Is the LLVM blocks runtime (used by Apple in Grand Central Dispatch) worth considering as an alternative to openmp?

http://libdispatch.macosforge.org http://compiler-rt.llvm.org http://llvm.org/svn/llvm-project/compiler-rt/trunk/BlocksRuntime/

stevengj commented 11 years ago

Yes, the requirement to use distributed arrays and multiple processes is the whole difficulty -- the key advantage of shared memory is that you have only a single kind of memory to work with. This becomes even more important when you go beyond simple data-parallel circumstances. e.g. parallelizing a sparse-matrix multiply, or a finite-difference time-domain simulation, or an FFT, are all fairly easy in shared memory [at least, before you get into heavy optimization], but are a lot more complicated in distributed memory. And the history of computer science is littered with the corpses of languages that tried to make distributed-memory programming as transparent as shared-memory.

OpenMP seems to be by far the most popular technique for parallelizing compiled C/C++/Fortan code on shared-memory systems, so there is a lot to be said for playing nicely with the OpenMP runtime. But the runtime system may something of an implementation detail that in principle could even be switched at compile-time (or even at runtime). [This may be easier said than done; if you have to pick one, I would go with OpenMP.]

As I understand it, the main issue right now is that Julia's garbage collection is not multithreaded.

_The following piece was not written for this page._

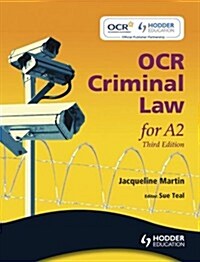 OCR Criminal Law for A2 (Paperback)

As a first step, it wouldn't be so terrible if garbage collection were serialized in a multithreaded program, with the understanding that people writing multithreaded code should try to optimize things so that garbage collection can be deferred to happen infrequently.

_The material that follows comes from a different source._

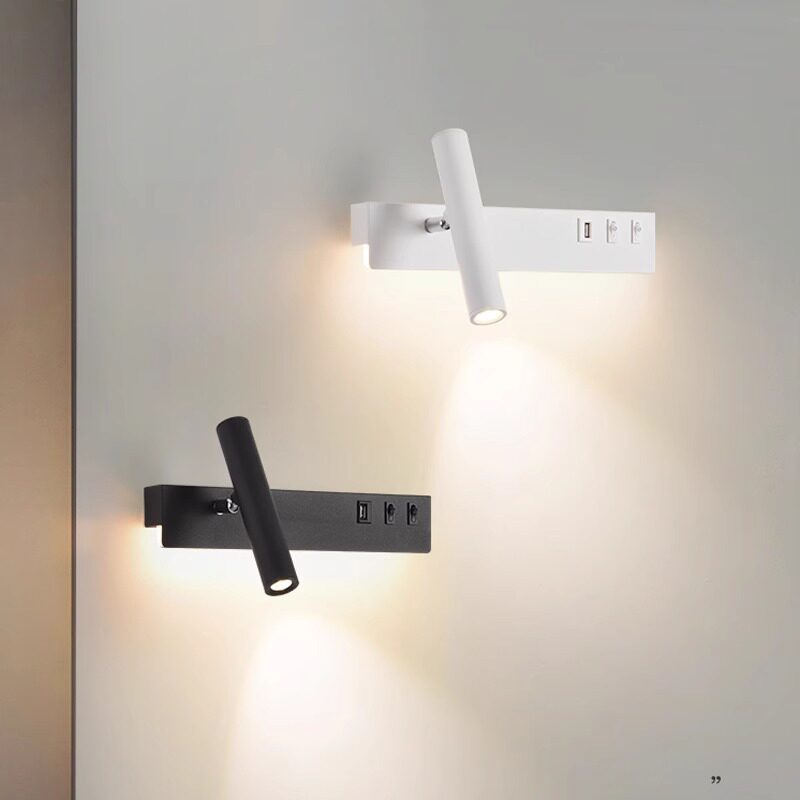 双开关USB充电旋转壁灯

As Jeff says, I think the key thing is to support shared memory in the runtime with some kind of OpenMP-like semantics via low-level primitives. Julia's macro system is flexible enough that people can then experiment with different syntaxes (although you will probably eventually want to standardize on one syntax to build into Base).

timholy commented 11 years ago

Here's an old issue on a related topic: https://github.com/JuliaLang/julia/pull/1002

For the record, I'd love this too, but not if it creates disasters.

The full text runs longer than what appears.